Posts Tagged ‘angst’

Angsty Teenage Bullshit

Tuesday, April 12th, 2005 at 12:57 am

Around the end of my senior year, I registered for free web hosting. This wasn’t my first web site: a year or two prior, I had decided to make the biggest joke collection ever. Then I planned to expand it into an index of the Internet - like Yahoo!, but all mine.

Five years ago, these goals were realistic. At the time, the entire World Wide Web consisted of Yahoo!, AOL, and 46 home pages with distracting backgrounds and obnoxious animated graphics.

I started the site and dubbed it BrockHaven (this was right around the time I started calling myself Brock). I had never heard of a “weblog,” and I didn’t know that’s what I was doing.
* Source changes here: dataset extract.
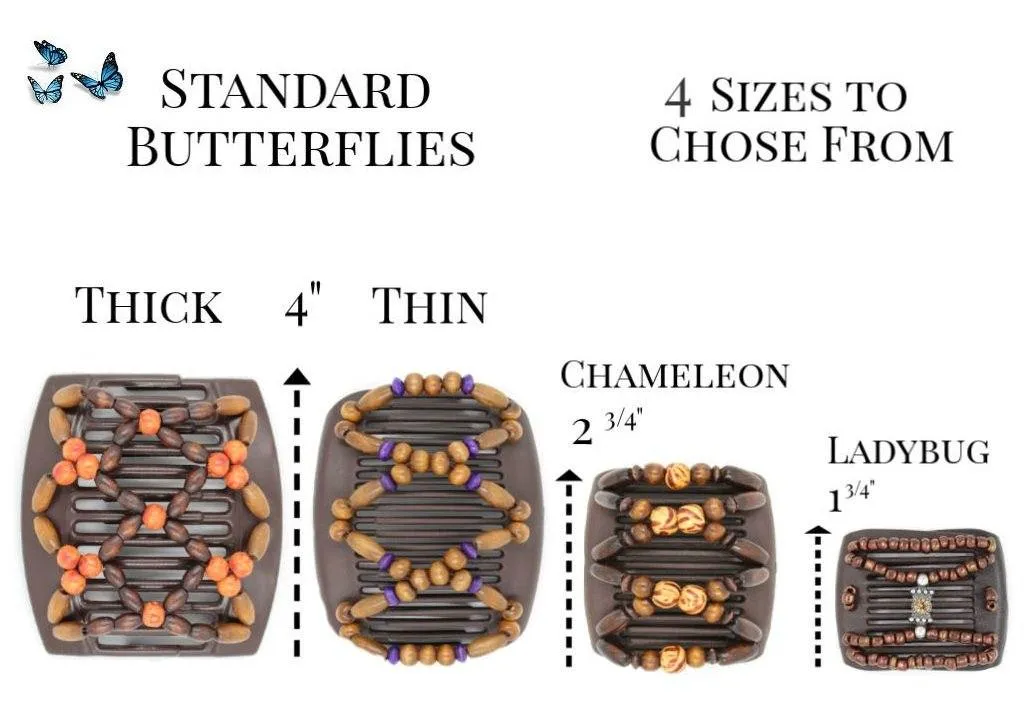 African Butterfly Hair Comb - Beada Black 20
It was, effectively, the first blog I’d ever seen, and lasted a full six posts (three times the average LiveJournal account).
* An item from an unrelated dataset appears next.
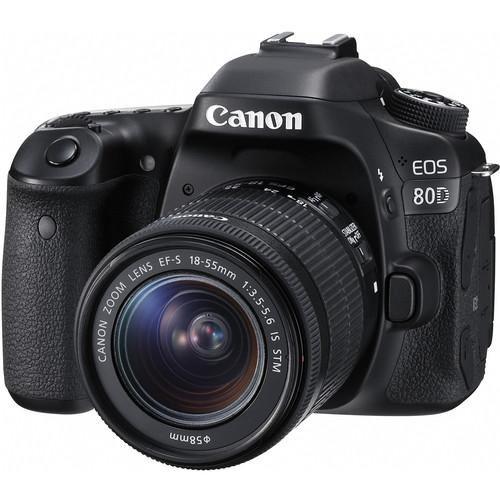 Câmera DSLR Canon EOS 80D com Lente 18-55mm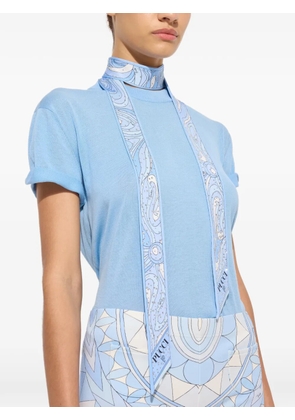 PUCCI mixed-print silk twill scarf with rhinestones - Blue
I’ve gone looking for it now and then over the past several years, just to see if it was still up. Until a few months ago, it was. When I couldn’t get to it sometime during Winter quarter, I figured it was gone forever and lamented the fact that I’d never backed it up for nostalgia’s sake.

For some reason, I was inclined to look for it again today. It was back online, with the counter reset to 0. I saved all the pages, removed the banner ads the server added, and now, against my better judgment, I give you BrockHaven, the very first blog in the history of communication.

Please note that the “days till college” counter says I’ve been in college for 1,318 days now. This fact makes me feel older than I thought it would.

Write Out Loud

Friday, April 8th, 2005 at 1:18 am

Earlier tonight, Ryan commented on literacy in this day and age. I’ve been meaning to address the overreaching “hot damn the Internet’s cool” issue for some time now - particularly how the current state of the Net has affected my every day life - but parts of it keep coming up and demanding their own consideration (see: Flickr, blog-friends, information collection, more Flickr, productivity, high class culture, etc).

At any rate, the ongoing blogsplosion (of course it’s a word) has contributed to the articulation of countless thousands that would have otherwise wasted four years of quality high school English by placing apostrophes before the ’s’ in plural words on fliers (this is one of my prime pet peeves). Were it not for the introduction of LiveJournal into my life three and a half years (and 1,907 posts) ago, my reasons for writing anything longer than a thank-you note would have ended with my last college essay. LiveJournal especially has opened the proverbial floodgate for the proverbial flood of proverbial idiots to spread their proverbial drivel.

Because, let’s face it. Most of the people writing in some kind of online journal are doing it to make their voice louder, to reach a wider audience, and to make themselves feel more important than they are (I know I am, anyway). For every legitimate, decent writer producing new content every day, there are 300 angst-ridden high school kids spouting illegible word-vomit on LiveJournal, and another twenty on the smaller (but notably angsty-er) DeadJournal. The unfortunate truth surrounding both of these sites is that they are largely populated by people whose concept of grammar is heavily influenced by shorthand AOL speak.

I couldn’t be happier that more people have a reason to write on a regular basis, myself included. I enjoy having a reason to write, and there are a lot of blogs out there that I enjoy reading. However, I can’t help but think we may have taken a step backward when we took monkeys off the Shakespeare project and replaced their typewriters with computers.

Also, thanks to Ryan for pointing out that I’m interesting.